Exercise
Nothing outside the range is to be copied. From the entries below, reproduce exactly the lines starting at the one with "Zinedine Zidane i Florentino Perez" and ending at the one with "16x^2-40x+25", without pictures.

Dataset excerpts
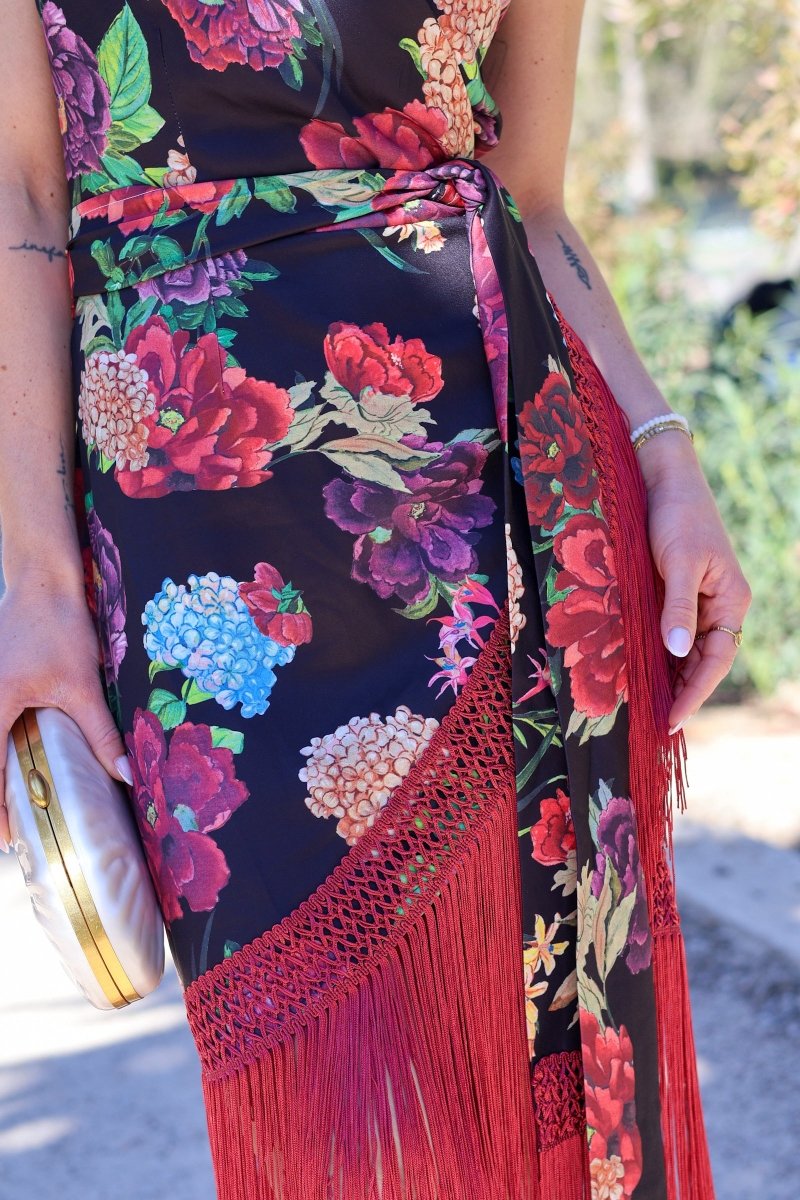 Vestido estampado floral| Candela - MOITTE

--

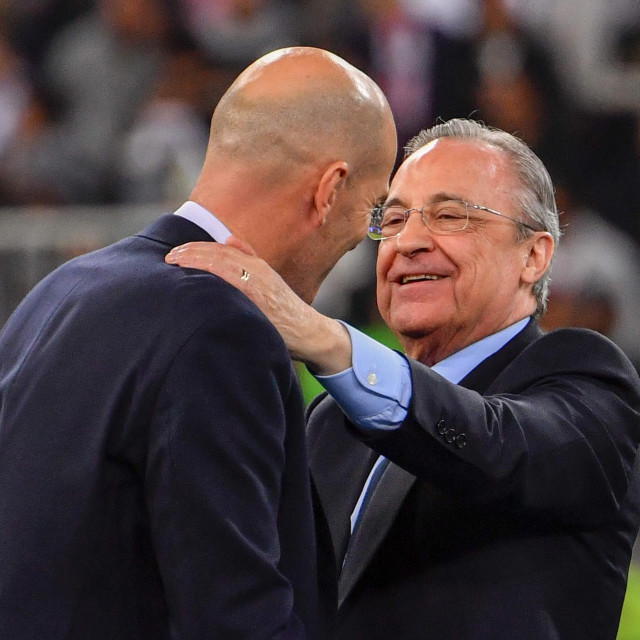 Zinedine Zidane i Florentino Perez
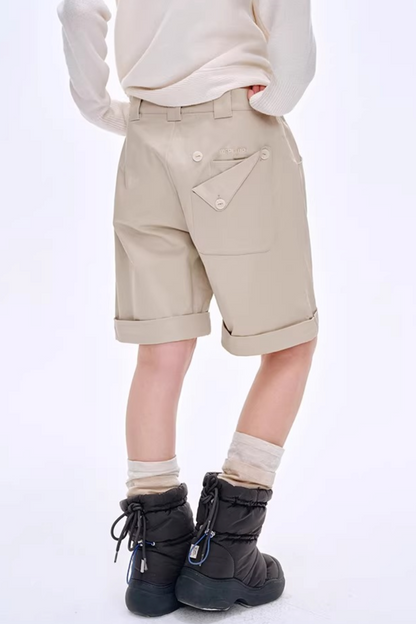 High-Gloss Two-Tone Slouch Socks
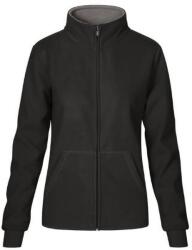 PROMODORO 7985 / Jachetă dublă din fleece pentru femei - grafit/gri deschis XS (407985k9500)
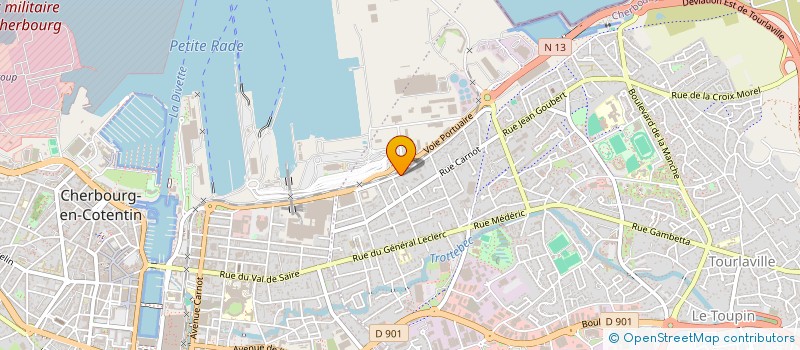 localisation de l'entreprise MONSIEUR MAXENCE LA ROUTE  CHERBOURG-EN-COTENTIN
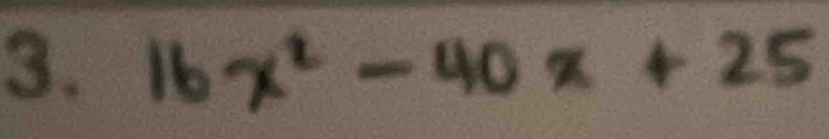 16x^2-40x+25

--

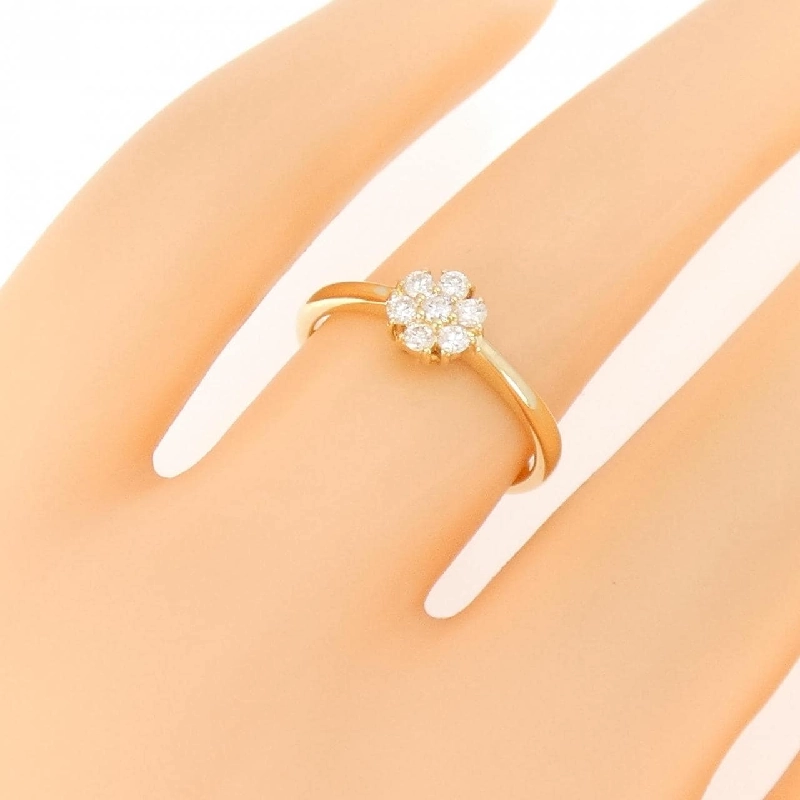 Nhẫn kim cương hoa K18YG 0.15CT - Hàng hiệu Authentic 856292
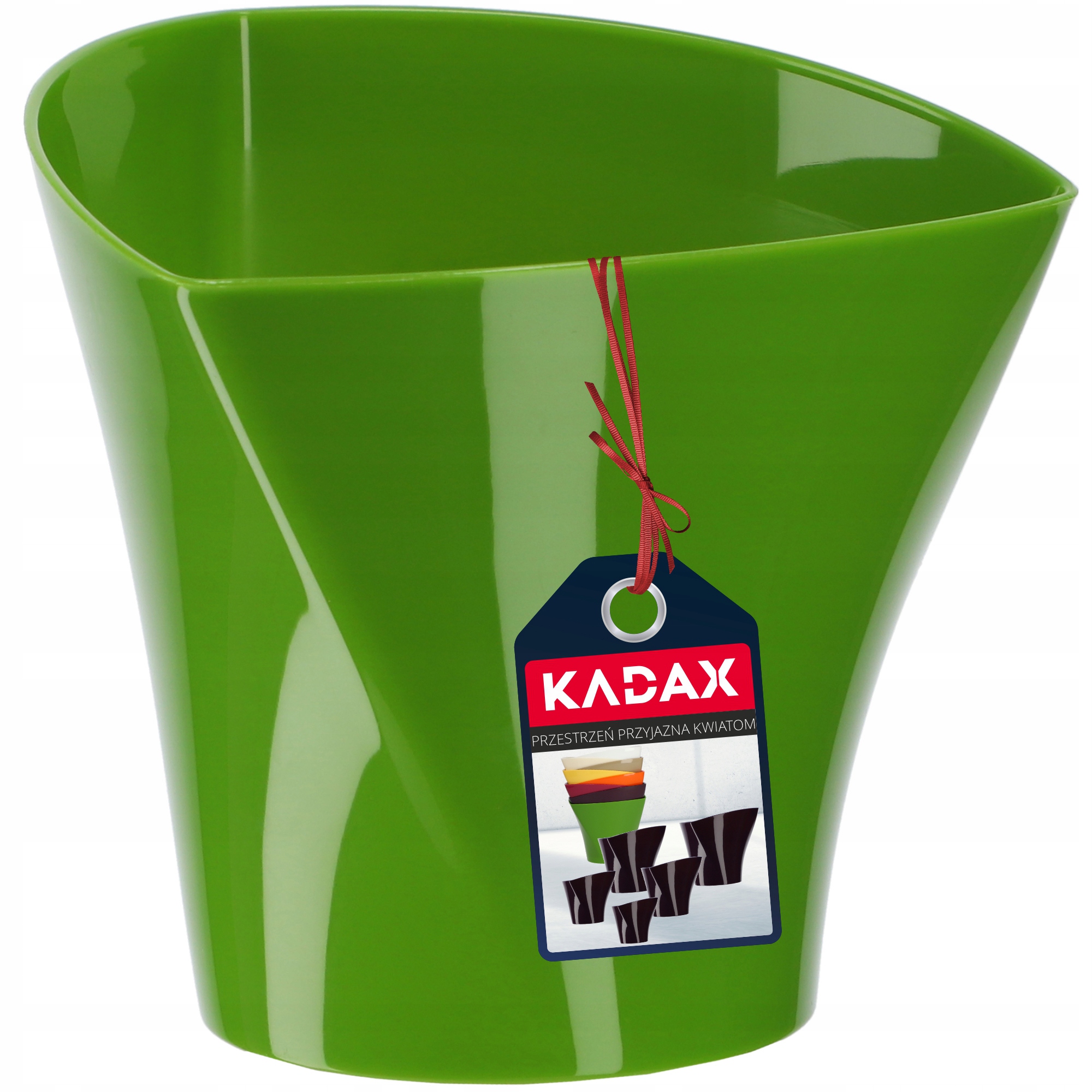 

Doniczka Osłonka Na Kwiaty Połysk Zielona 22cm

Output for this exercise
 Zinedine Zidane i Florentino Perez
 High-Gloss Two-Tone Slouch Socks
 PROMODORO 7985 / Jachetă dublă din fleece pentru femei - grafit/gri deschis XS (407985k9500)
 localisation de l'entreprise MONSIEUR MAXENCE LA ROUTE  CHERBOURG-EN-COTENTIN
 16x^2-40x+25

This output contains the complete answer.